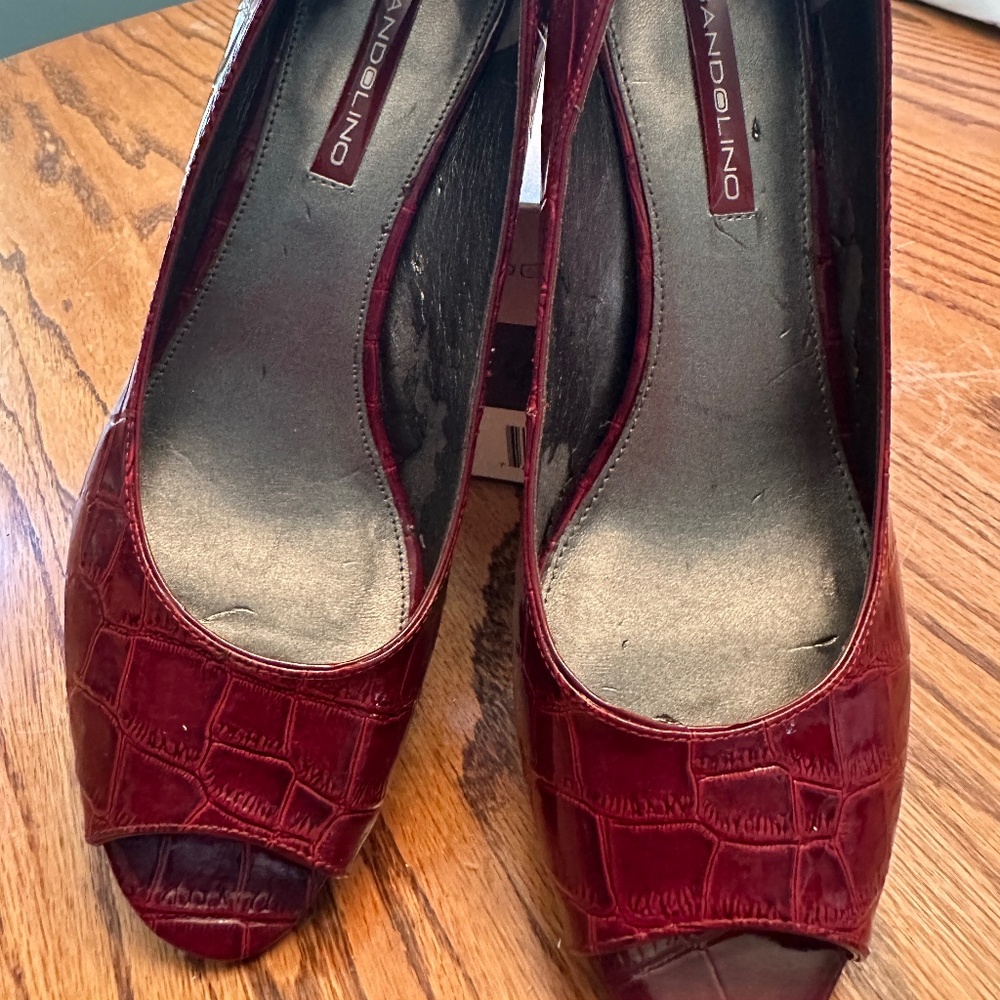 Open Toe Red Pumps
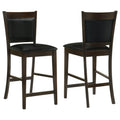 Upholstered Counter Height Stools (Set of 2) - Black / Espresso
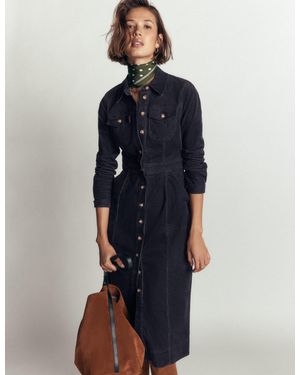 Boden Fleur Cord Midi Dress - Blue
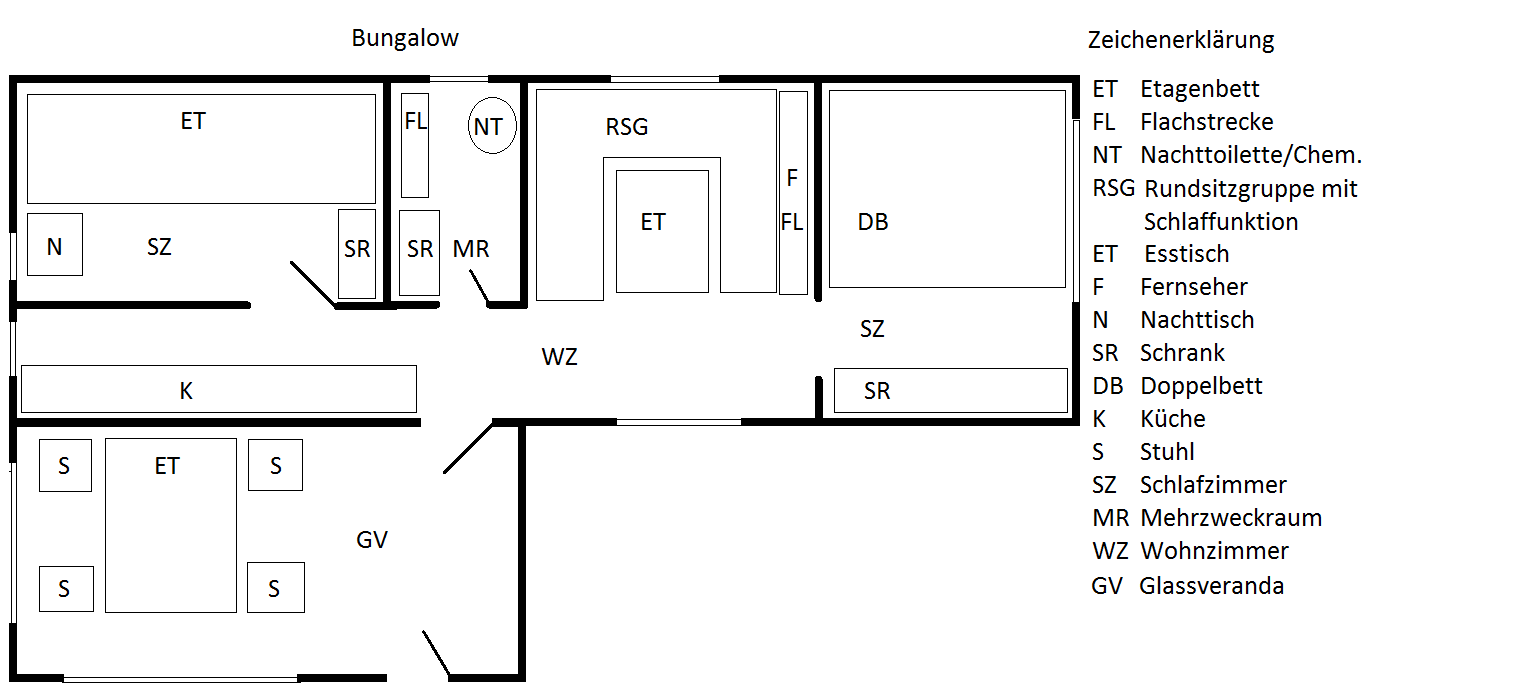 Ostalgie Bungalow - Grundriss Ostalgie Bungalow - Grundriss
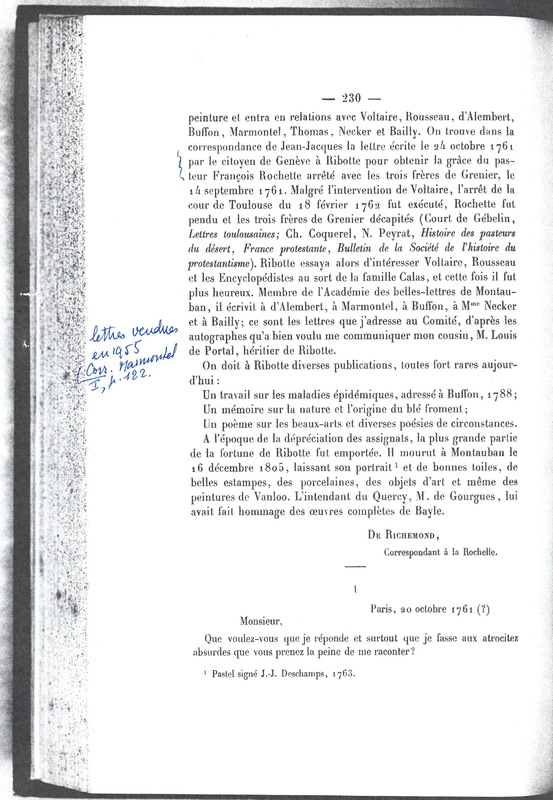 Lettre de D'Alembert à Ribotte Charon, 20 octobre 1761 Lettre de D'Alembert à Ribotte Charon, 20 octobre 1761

————

Task instructions |
Each entry above is to be written out again unchanged, apart from the pictures, which are left out.

Output of the task |
 Open Toe Red Pumps
 Upholstered Counter Height Stools (Set of 2) - Black / Espresso
 Boden Fleur Cord Midi Dress - Blue
 Ostalgie Bungalow - Grundriss Ostalgie Bungalow - Grundriss
 Lettre de D'Alembert à Ribotte Charon, 20 octobre 1761 Lettre de D'Alembert à Ribotte Charon, 20 octobre 1761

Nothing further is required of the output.